Цвингли повиновался, но оставаться в родном селении он уже не мог и вскоре отправился продолжать свои занятия в Базель. Там он впервые услыхал Благую Весть о благодати Божьей. Виттембах, преподававший древние языки, изучая греческий и еврейский, познакомился и со Священным Писанием, а уже через него Божественный свет был распространен и среди студенчества. Он внушал молодым людям, что есть истина, куда более древняя и возвышенная, чем учения философов и богословов. Эта древняя истина состоит в том, что только смерть Христа может искупить грехи грешника. Эти слова оказались для Цвингли первым лучом света, предшествующим наступлению зари.
Вскоре Цвингли оставил Базель, чтобы начать самостоятельную жизнь. Первым его поприщем стала церковь в Альпах, вблизи его родного селения. После того как Цвингли принял сан священника, он безраздельно посвятил себя исследованию Божественной истины; ибо прекрасно понимал, говорит один из его современников, как много должен знать тот, кому доверили пасти стадо Христово". Чем больше он постигал Писание, тем отчетливее видел разницу между библейскими истинами и заблуждениями Рима. И он подчинил себя Библии как Слову Божьему - единственно верному и надежному руководству. Он видел, что эта Книга должна истолковать сама себя. Он не осмеливался искать в Писании подтверждения ранее сформулированным доктринам, а считал своим долгом сосредотачиваться на определенных, ясных истинах. Он не пренебрегал ничем, что помогало ему приобретать полное и правильное представление о значении библейских истин, и, уповая на помощь Святого Духа, говорил, что эта сила откроется всем ищущим ее с сердечной молитвой.
"Священное Писание, - говорил Цвингли, - дал нам Господь, а не человек, и Тот, Кто просвещает всех, поможет тебе понять все, от Него исходящее. Слово Божье... не останется непонятым, оно открывает себя людям, освещает душу всей полнотой спасения и благодати, утешает ее в Господе и смиряет ее, так что, отрекаясь от себя, душа вполне предается Богу". Жизнь Цвингли подтвердила истинность этих слов. Впоследствии, рассказывая о пережитом в то время, он писал: "Когда я начал вполне доверяться Священному Писанию, тогда взбунтовались философия и схоластика, усвоенные мной прежде. Наконец я сказал: "Ты сам должен оставить всю эту ложь и следовать тому, чему учит Господь, руководствуясь только Его Словом". И я начал умолять Господа послать мне Свой свет, и с тех пор мне уже стало легче понимать Священное Писание".

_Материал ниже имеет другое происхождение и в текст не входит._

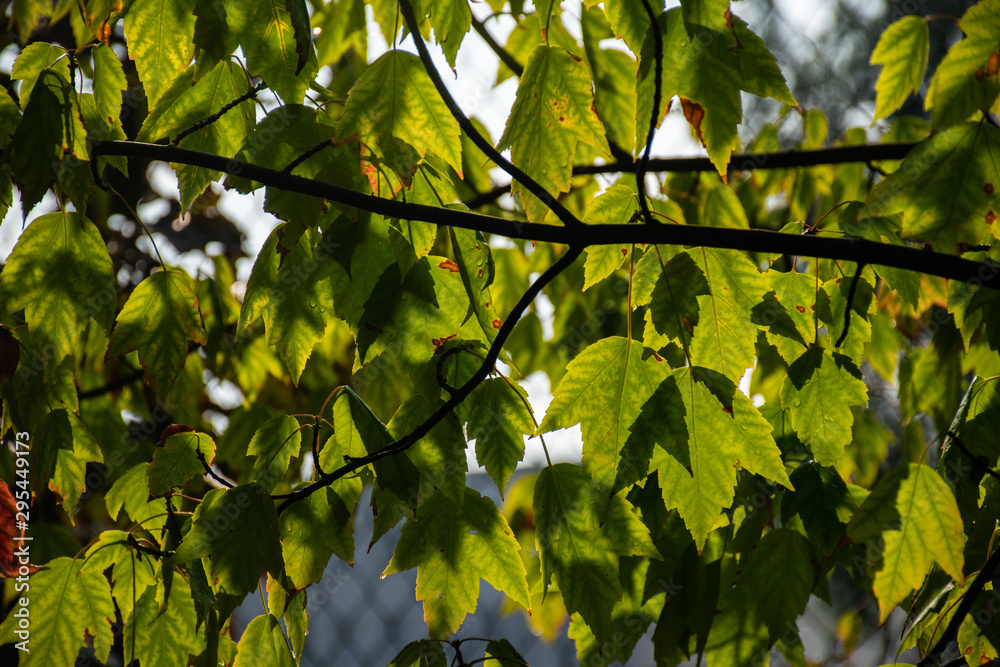 Fototapeta premium Green leaves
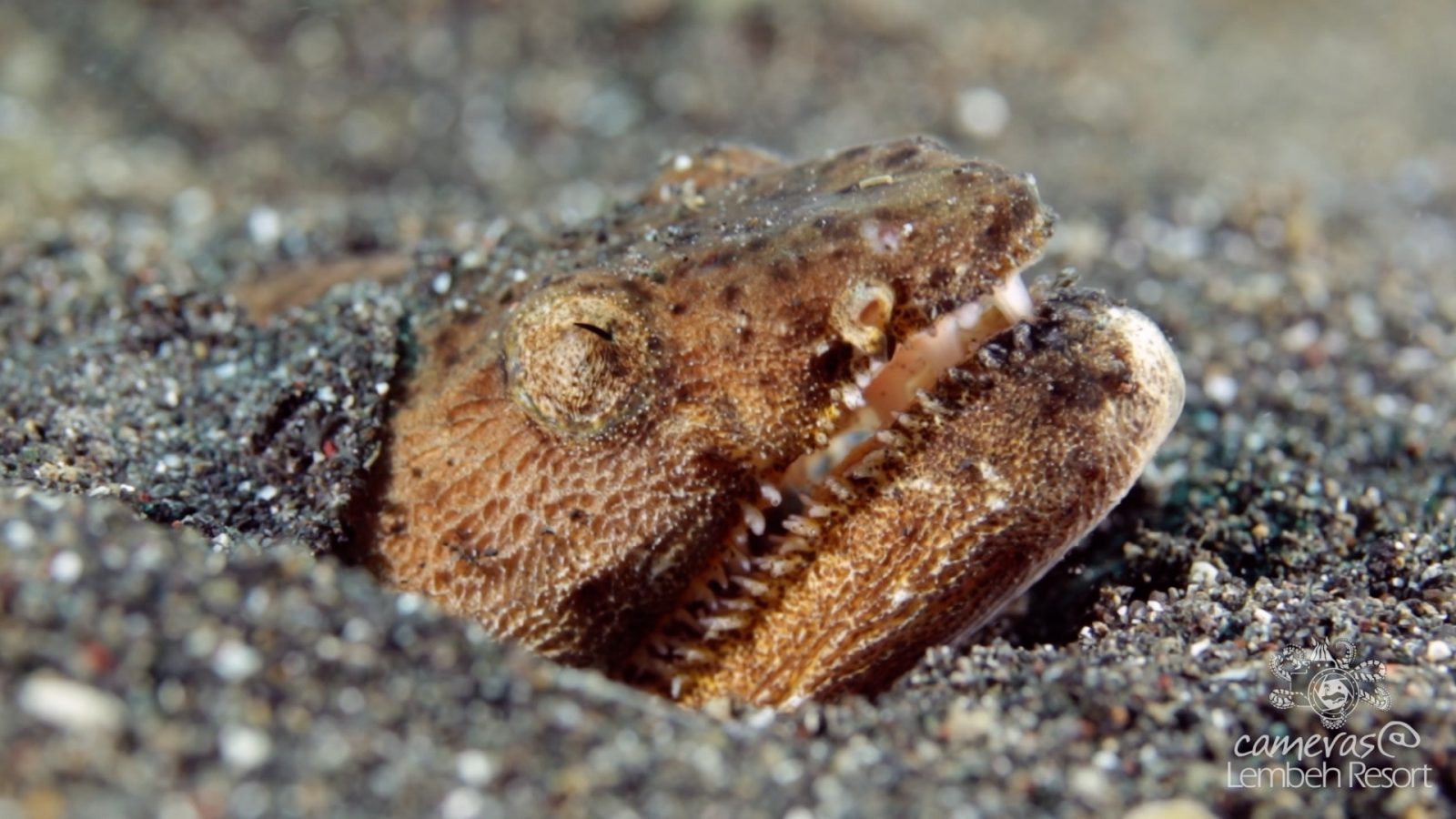 Critters of the Lembeh Strait | 2018.03 Monthly Highlights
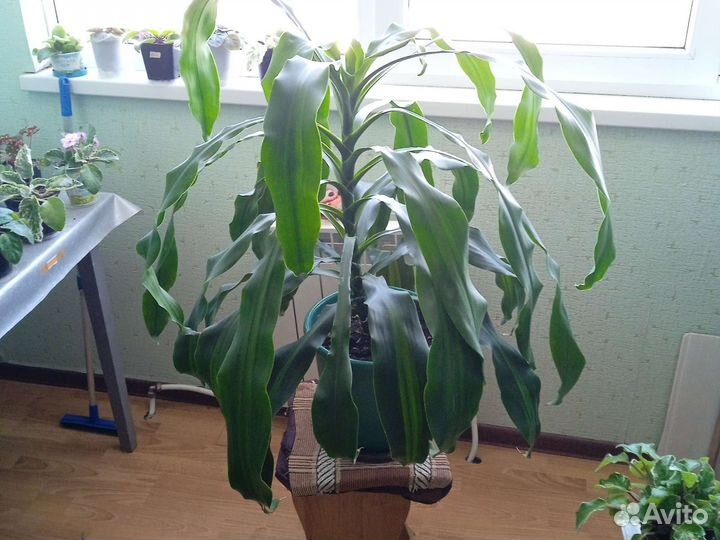 Драцена широколистная
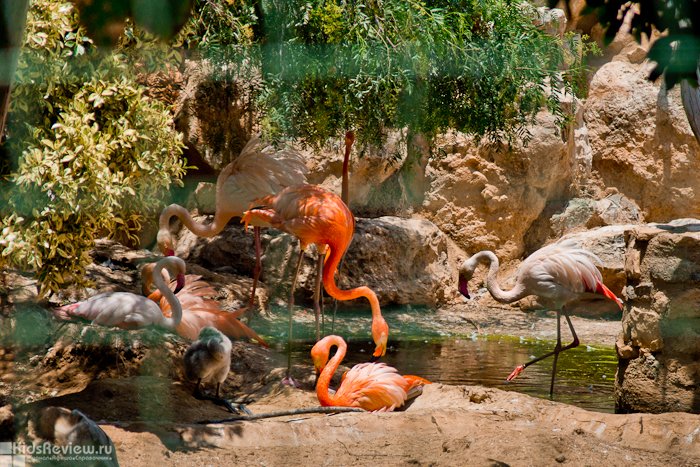 Отдых с детьми на Кипре. Лучшие отели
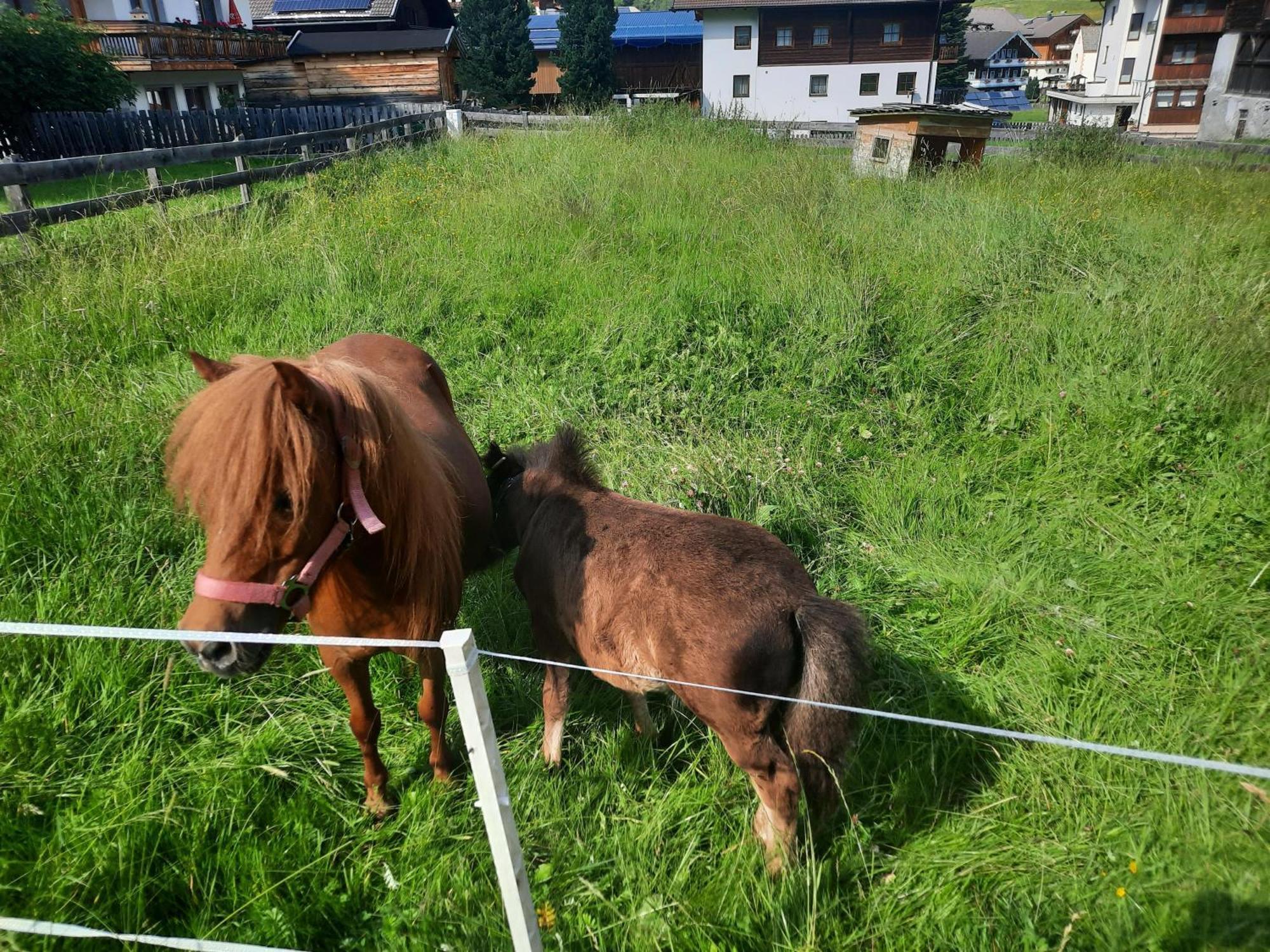 Obenfigerhof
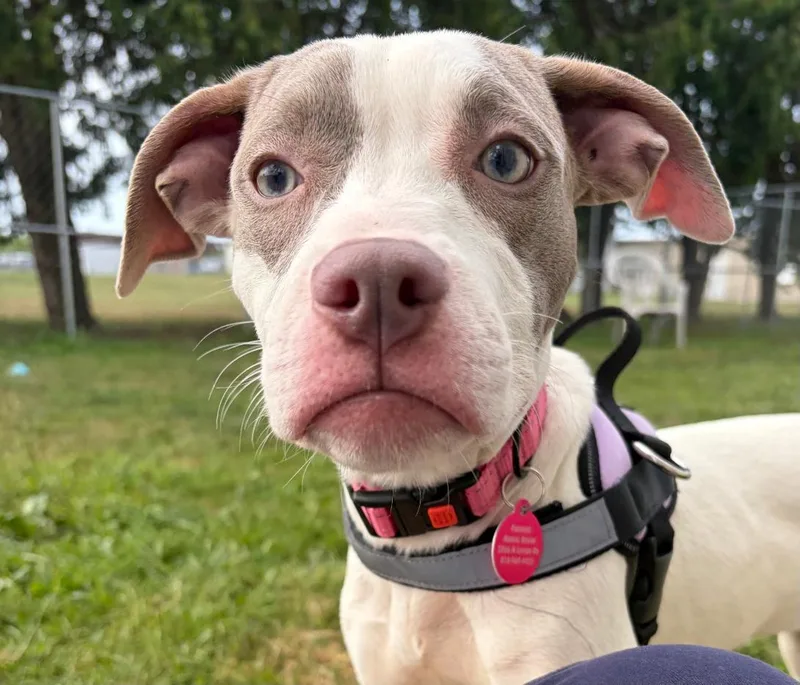 A baby medium-sized female White / Cream Mixed Breed dog named Hazel for adoption in Lapeer, MI
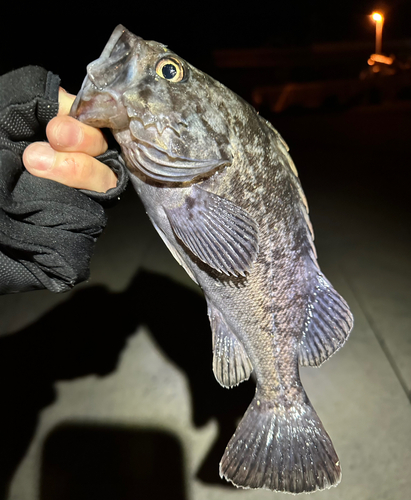 クロソイの釣果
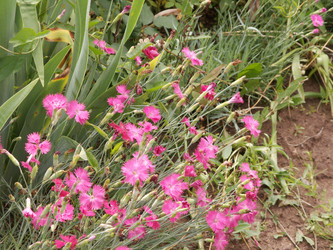 Similar image 21975236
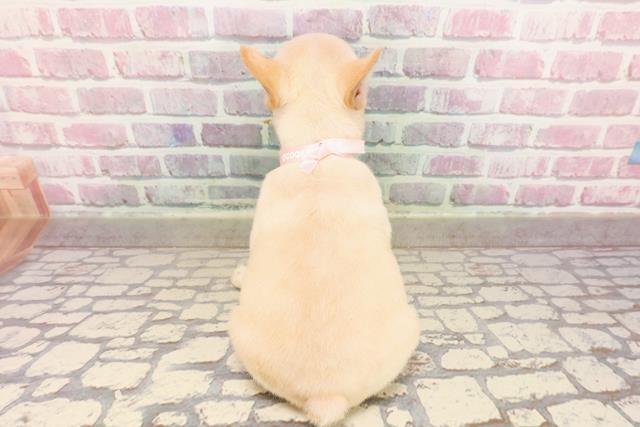 東京都のフレンチブルドッグ (Coo&RIKU八王子西店/2025年6月12日生まれ/女の子/クリーム)の子犬の4枚目の画像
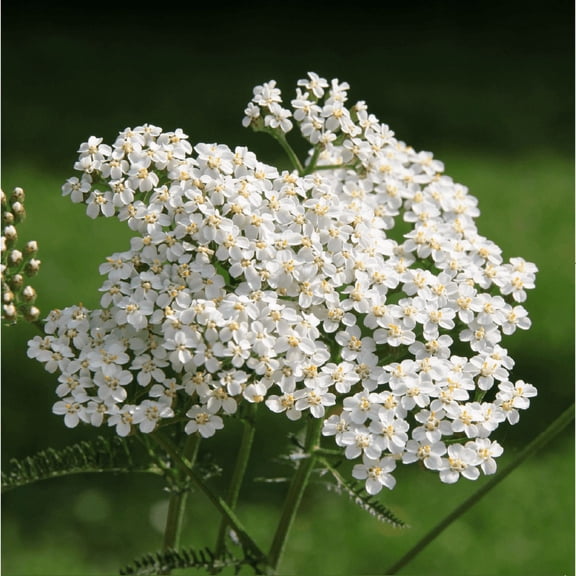 Western Yarrow Seed - 0.25 lb - Covers 1,000 Sq Ft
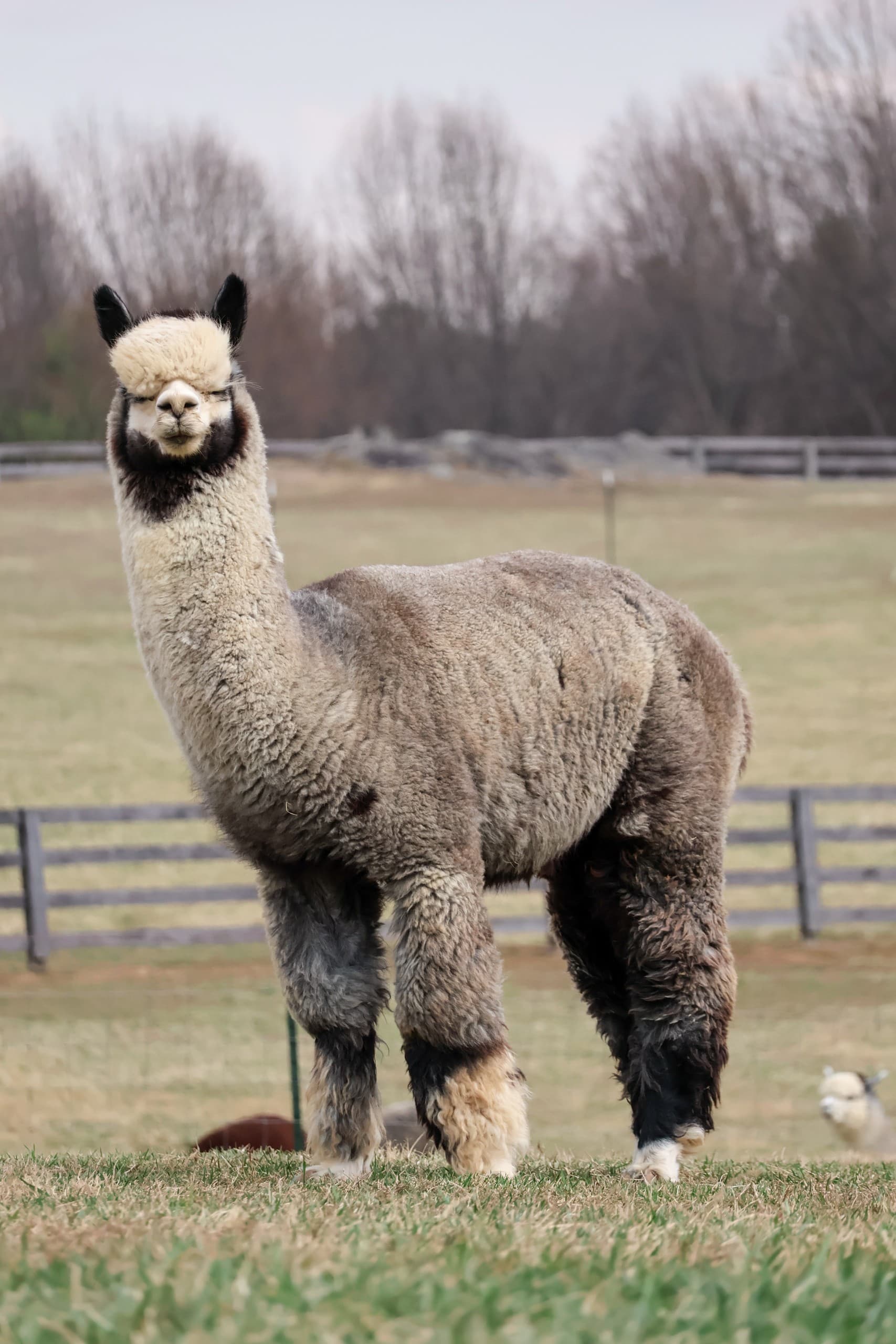 Declan’s Donuts with Dad at Black Barn Alpacas — Finksburg MD Father’s Day Experience photo 1
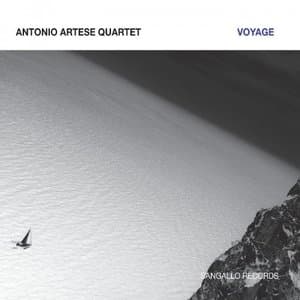 Voyage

Свое учение Цвингли заимствовал не от Лютера. Это было учение Христа. "Если Лютер проповедует о Христе, - говорил швейцарский реформатор, - он делает то же, что и я. Он привел ко Христу намного больше людей, чем удалось мне. Но это не имеет никакого значения. Я не желаю носить никакого другого имени, кроме имени Христа; я - его воин, и Он - мой единственный Наставник. Мы с Лютером ни разу не обменялись ни словом. Так выявилась целостность Духа Божьего, ведь нас двое, но мы не сговариваясь проповедуем учение Христа совершенно единодушно".